An exhibition on the Romany Holocaust and current racism in Europe opened in the Brno-based Ombudsman Office on July 24th. On 82 exhibition panels people can read about the fate of Romanies during World War Two and some panels are dedicated to the present. The visitors, for instance, can learn the story of the wall in Usti nad Labem's Maticni street and the problems of the Romany minorities in Slovakia, Austria and Germany.
"The exhibition is designed to open an unknown chapter in European history. The notion Holocaust is usually connected with the extermination of 6 million Jews, but it also means systematic extermination of 500,000 Romanies and Sinti," Silvio Peritore from the Documentation Centre of German Sinti and Romas that created the exhibition and showed it with success in Strasbourg and Prague said at the opening ceremony.
According to Jana Horvathova from the Brno Museum of Romany Culture, the exhibition is a significant event.
"It mostly speaks about the past but also connects it with the present," Horvathova said, adding that the questions of racism and suppression of Romanies in Europe were still urgent.
"There are displays of intolerance, inability of co-existence and racism in our society, although we do not want to seem them," ombudsman Otakar Motejl said.
The exhibition was financially supported by the South Moravian region because the Brno Town Hall refused to support it.
The Town Hall objected against the panel depicting the history of the controversial Maticni street.
Maticni street got into the limelight in the 1990s due to the conflict over the wall that was built there to separate old residents from inhabitants of community flats for rent defaulters, mainly Romanies.

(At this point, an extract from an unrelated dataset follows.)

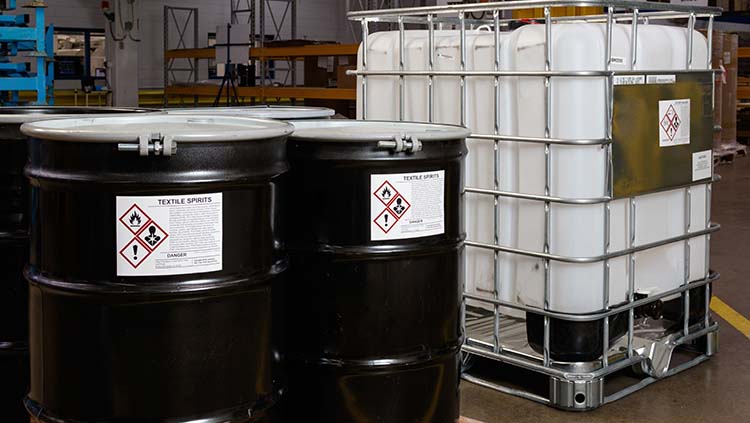 Chemical drums and containers with GHS labels used as primary containers in a warehouse setting.
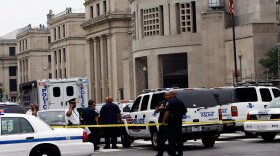 Police gather in front of the Holocaust Museum following a shooting at the museum June 10, 2009 in Washington, DC. According to reports, James van Brunn, 88, walked into the Holocaust Museum and exchanged fire with security guards, shooting one before being shot himself.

The erection of the wall was criticised as an _expression of racism by many Czech and foreign politicians and human rights organisations and the wall was later removed.
Romanies were persecuted and deported to concentration and extermination camps in Nazi Germany and the countries occupied by the Third Reich.
Czechs and Moravian and Moravian Romanies were gathered since 1940 in labour camps in Lety near Pisek, east Bohemia, and in Hodonin, south Moravia.
According to historians, some 2,690 Romanies came through the camps. Many of them died there and others were sent to the concentration camp in Auschwitz.
According to various sources, 5,400 to 5,600 Czech and Moravian Romanies were sent to Auschwitz. The first train left Brno on March 7, 1943.